Las fotos de familia ahora han sido sustituidas por los teléfonos inteligentes y se les denominan “selfies” que no son otra cosa que instantáneas. La profusión de “selfies” parece una pandemia y en algo han promovido la proliferación de los piojos entre los niños de clase media ya que al juntar sus cabelleras para la “selfie” se contagian de piojos. (estos ectoparásitos prefieren las cabelleras limpias y desmienten el mito de que los piojosos son los pobres y desaseados).

Las fotos de familia se complementaban con los álbumes. Se colocaban las mejores fotos y era común encontrar alguna foto cortada a la mitad o mutilada y cuando los curiosos preguntábamos sobre la razón de estar cortada, la respuesta era evasiva y por lo general te decían: “es de un novio odioso o es de una persona que me hizo daño”.

Las tribus aborígenes de norteamérica evitaban tomarse fotos porque decían que “les robaban el alma” y las fotos han sido muy usadas por los santeros y aficionados a la macumba y magia negra para hacer sus “trabajos” en contra de alguna persona.
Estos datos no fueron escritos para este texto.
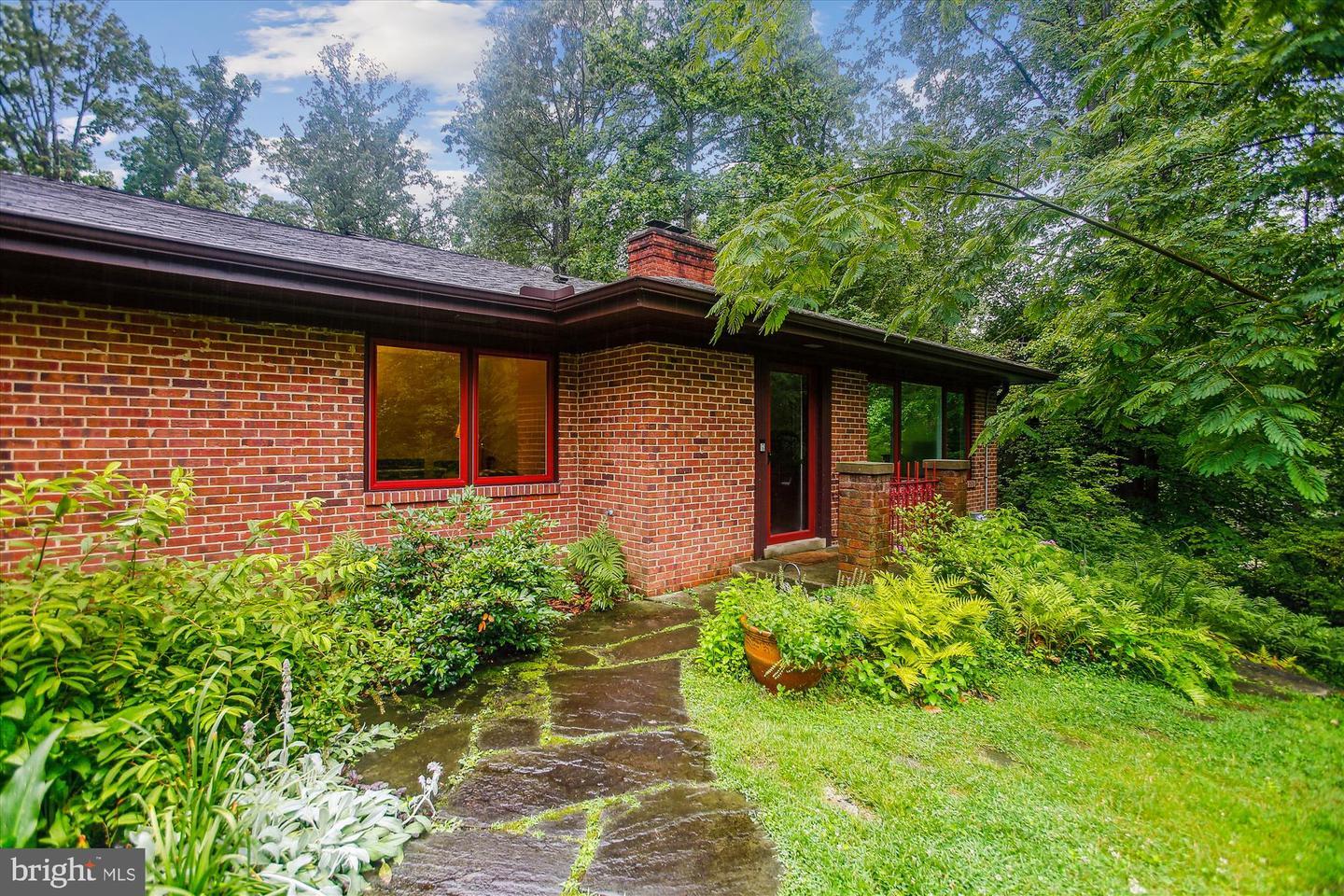 Property Photo: 6662 Van Winkle Drive VA 22044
Curiosamente, las fotos de familia sirven para dar una apariencia. Nos muestran a una familia unida y proyectan una irrealidad que con el paso del tiempo se convierte en una verdad indestructible. Suegras y nueras o cuñadas aborrecidas sonríen dicen “whiskey” se toman la foto y aparentan ser armónicas amigas.
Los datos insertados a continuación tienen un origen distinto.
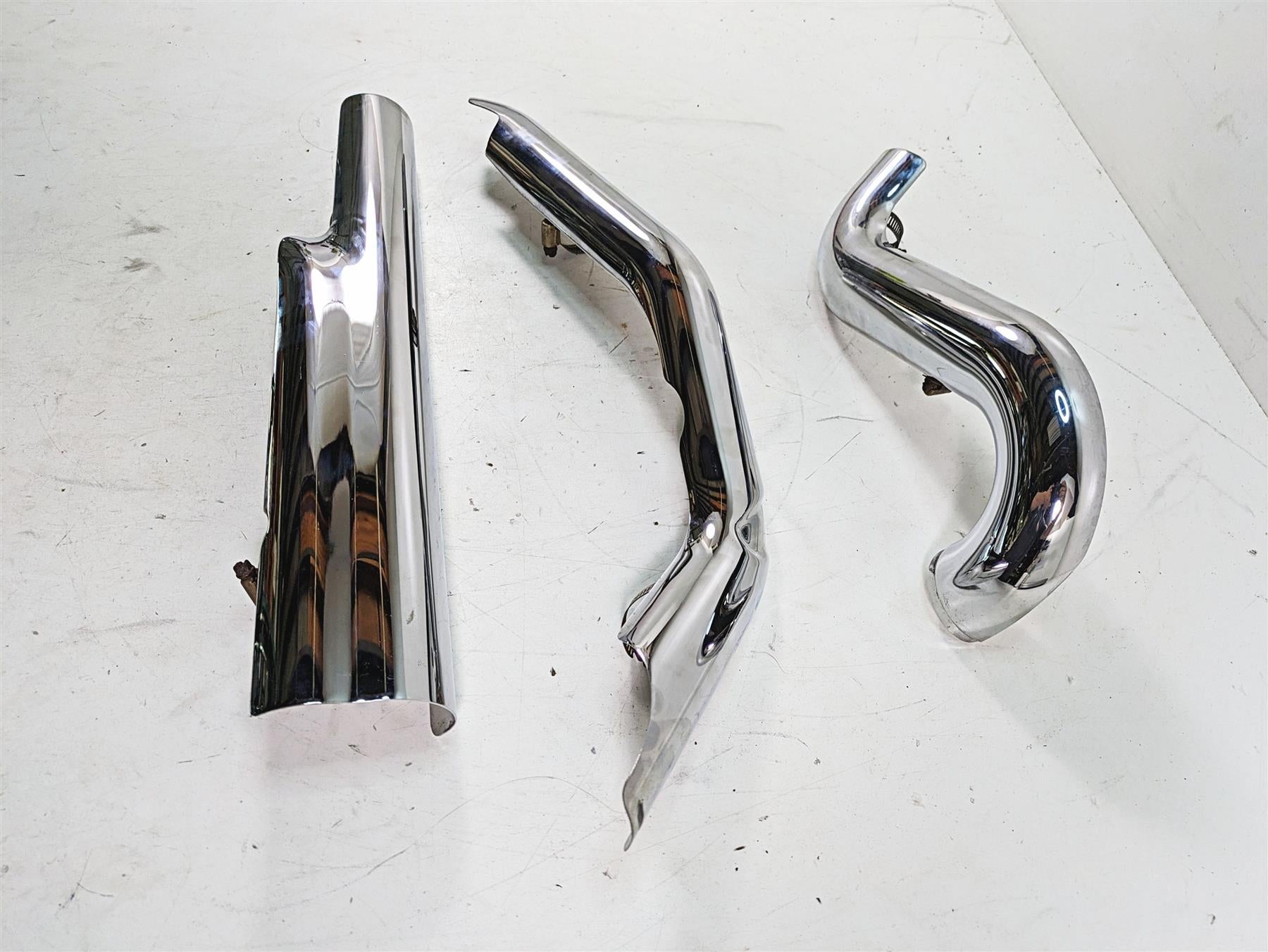2010 Harley Touring FLHTCU Electra Glide Exhaust Header Heat Shield Set 65952-09 {{ shop.shopifyCountryName }} - Mototech271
Los viudos o divorciados insisten en tener las fotos de sus exparejas aduciendo que eran las mamás de sus hijos y que se ofenderían ellos si las quitasen. Las batallas subterráneas de las emociones y críticas son cubiertas por un hermoso velo de paz y armonía en el hogar.
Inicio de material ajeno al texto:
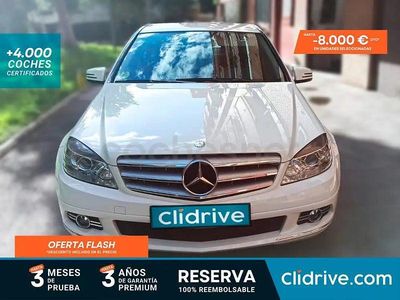 Usado Mercedes C200 Avantgarde 136 CV (100 kW) 2009 Blanco Berlina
Una familia sin fotos exhibidas es una familia sospechosamente rara y genera la suspicacia de preguntas como: “¿Qué pasado esconden? o “Seguramente son nuevos ricos y se avergüenzan de sus orígenes” y no faltará el comentario artero de: “No tienen fotos porque su familia es de narcos”.

La dinámica de las fotos familiares llegan hasta el cementerio. En el famoso panteón de la Recoleta en Buenos Aires Capital, se estila poner las fotos de los difuntos en las tumbas y es muy popular recorrerlo. Ahí de seguro encuentran a Gardel y a los artistas más connotados pero es casi seguro que encontraremos en una de esas calles la tumba de “Evita” y no es fortuito ver a dos mujeres argentinas desgreñarse frente a la tumba. Una dirá que “Evita” era una santa y la contrincante le dirá que Eva Perón era una rabalera, piruja, saqueadora de la Patria.

Querámoslo o no, las fotos de familia nos narran una historia. Borran resentimientos, exaltan afectos y le dan a las nuevas generaciones una filiación o referencia de dónde vienen sus antepasados.